He was subsequently transferred from the gastroenterology clinic to the emergency department and underwent extensive interdisciplinary workup between gastroenterology, surgery, pulmonology, and ENT. He was diagnosed with gastric outlet obstruction following an upper gastrointestinal series (UGI) (Figures 1, 2). The patient underwent a pyloroplasty. He also underwent a brain MRI, which showed corpus callosum hypoplasia and cortical malformations in the frontal-parietal lobes, suggestive of pachygyria (Figure 3). The patient was evaluated over two additional months. He returned to the clinic, now at four months of age, to follow up status/post pyloroplasty. The family reported that he had experienced poor progression in developmental milestones, most notably secondary to profound hypotonia. Additionally, over the last few months, physical therapy and feeding therapy have been incorporated. Due to the patient’s hypotonia and inability to support his head, he was struggling to feed by mouth, consistent with oropharyngeal motor dysfunction. In addition to the failure to thrive, global developmental delay and hypotonia, the patient also experienced associated symptoms of ichthyosis and on examination, the patient had roving eye movements. It was recommended the family obtain genetic testing, uncovering a diagnosis of CEDNIK syndrome, with the parents being carriers for the disease. The patient’s genetic report yielded a region of homozygosity (13.7 Mb) at 2p25.2p24.2(4951900_18695114).
Upper GI tract showing severe gastroesophageal refluxGI: Gastrointestinal
Upper GI tract showing significant narrowing of pyloric channel with very minimal gastric emptying consistent with gastric outlet obstructionGI: Gastrointestinal
Patient's brain MRI showing corpus callosum hypoplasia and cortical malformations in the frontal-parietal lobes, suggestive of pachygyria Corpus callosum hypoplasia** Pachygyria*
The patient's treatment remained focused on feeding tolerance. Achieving appropriate weight gain is essential to maintain a healthy growth as well as progress to meet developmental milestones.
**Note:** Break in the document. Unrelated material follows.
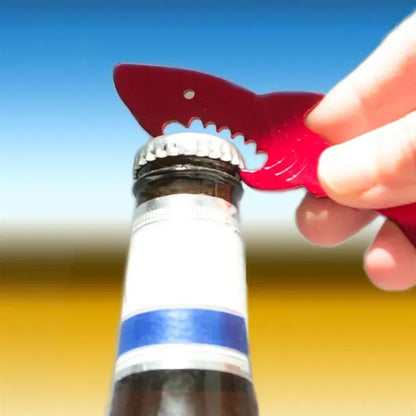 Shark Shaped Bottle Opener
The incorporation of feeding and physical therapies with focused treatment on oropharyngeal control have shown positive results, however, transition to pureed or solid foods is not indicated at this time due to inability to support his head on his own.
Discussion
As initially described in 2005, CEDNIK syndrome is known to be an autosomal recessive and genetically mapped to the 22q11.2 gene [3] with disease manifestation in the homozygous haplotype [3]. This homozygous haplotype spanned four Mb and has been found to be shared amongst all afflicted patients, and are absent or carried in a heterozygous state, by otherwise healthy family members [3]. Additionally, in the 19 patients reported with CEDNIK syndrome, there is not a clear genotype-phenotype correlation [2]. The SNAP29 protein can further be described as encoded by a 5-exon gene, which is involved with intracellular membrane structures, playing a role in membrane trafficking processes [4]. SNAP29 is then involved with binding multiple syntaxins and aiding in vesicle transport, recycling, and fusion, via its two soluble N-ethylmaleimide-sensitive fusion protein attachment protein receptor (SNARE) domains [4]. Through the SNARE protein, SNAP29 is also able to affect autophagy, cell motility, and ciliogenesis [4].
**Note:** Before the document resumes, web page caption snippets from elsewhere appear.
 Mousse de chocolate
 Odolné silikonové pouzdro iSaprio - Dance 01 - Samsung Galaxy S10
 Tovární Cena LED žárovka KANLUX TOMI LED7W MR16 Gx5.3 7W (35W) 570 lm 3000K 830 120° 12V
The significance of understanding the pathophysiology pertains to its correlation with proposed disease mechanisms. The role of SNARE domains is tied to the brain during development, with axonal growth, synaptogenesis, and neurotransmission [3]. In terms of neurotransmitter regulation, SNAP29 is involved through attenuation of the recycling of fusion machinery, thus slowing synaptic vesicle turnover [3]. SNARE complex formation and dissociation and recycling are vital for synaptic transmission, which can serve as an explanation for why patients develop the aforementioned neurologic sequelae [3]. SNARE proteins also play a significant role in the development of the retina, thus suggesting why patients tend to develop roving eye movements, which are a common initial presenting sign in the disease process [3].
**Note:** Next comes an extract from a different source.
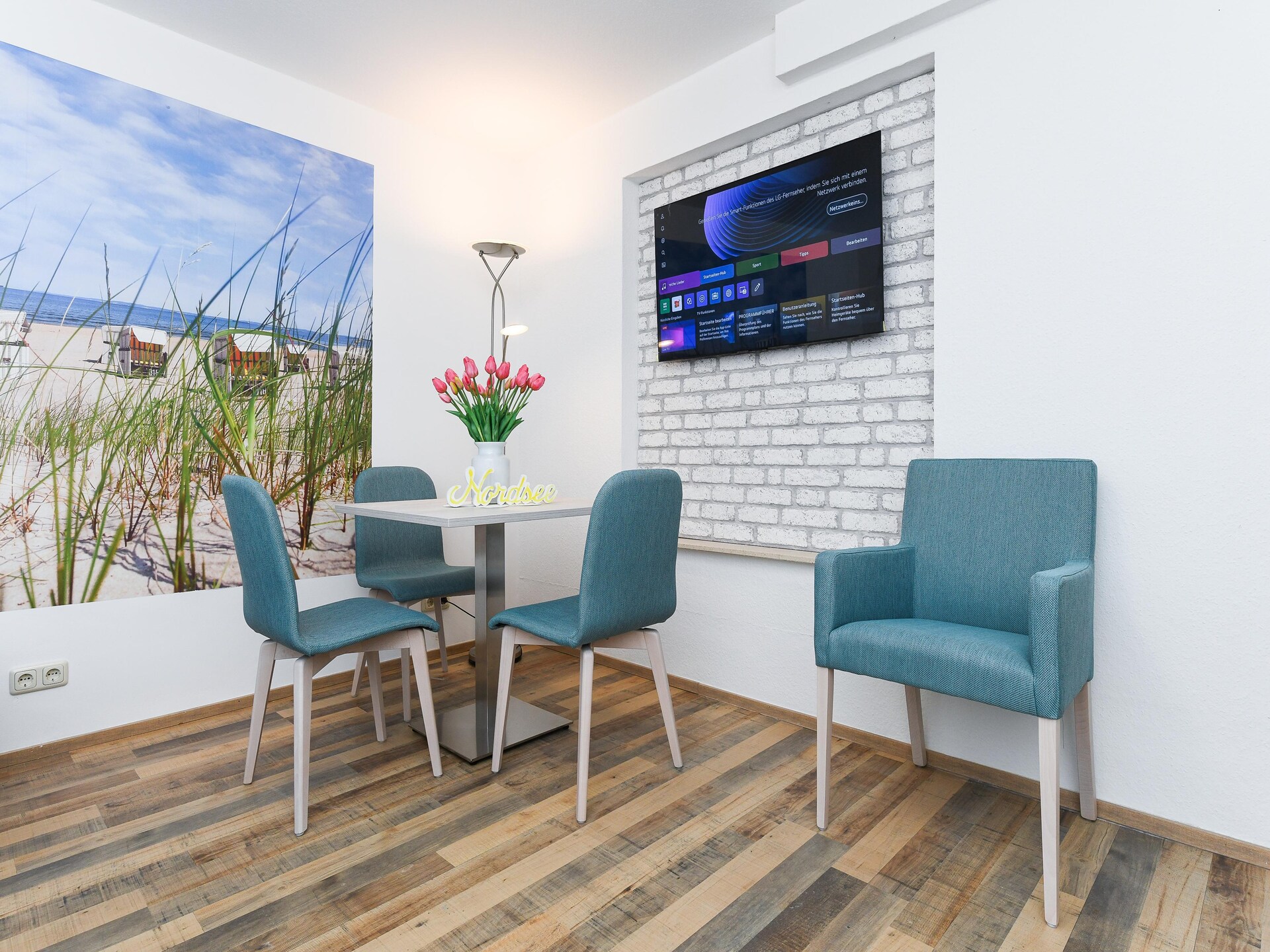 Licht appartement met wintertuin op loopafstand van het strand in Bensersiel - foto 5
Patients, such as the one described in our case, also develop dermal hyperkeratosis as well as ichthyosis. The pathophysiology undermining the cutaneous aspect of the syndrome is likely attributed to abnormal lamellar granule maturation and secretion [3]. The way this process works in normal skin is through release of lipids and proteases below the stratum corneum, which are vital in mediation of the epidermal barrier and with desmosome desquamation [3]. In CEDNIK syndrome, glucosylceramide and kallikrein products containing granules are retained in the stratum corneum, preventing desmosome detachment and leading to pathologic barrier formation, causing retention hyperkeratosis [3].
The seven cases initially reported during the primary investigation of CEDNIK syndrome showed similar disease progression amongst the patients (Table 1) [3]. Initially, patients had an uneventful gestation without abnormalities in APGAR score and birth weight [3]. In the ensuing four months of life, symptoms such as roving eye movements, poor head and trunk control, and failure to thrive were seen [3]. Between 5 months and 11 months of life in these cases, the dermatologic manifestations ensued [3]. By the age of 8-15 months of life, psychomotor slowing became prominent, as the ability to reach developmental milestones, such as sitting and walking, stalled. In our case, the patient too had an uneventful birth, however at two months, he developed failure to thrive, GERD, and stridor. He also developed gastric outlet obstruction secondary to pyloric stenosis requiring pyloroplasty. The neurologic timelines in the previously described cases also aligned with our case as the patient also had roving eye movements, along with poor head and trunk control, attributed to profound hypotonia by this time.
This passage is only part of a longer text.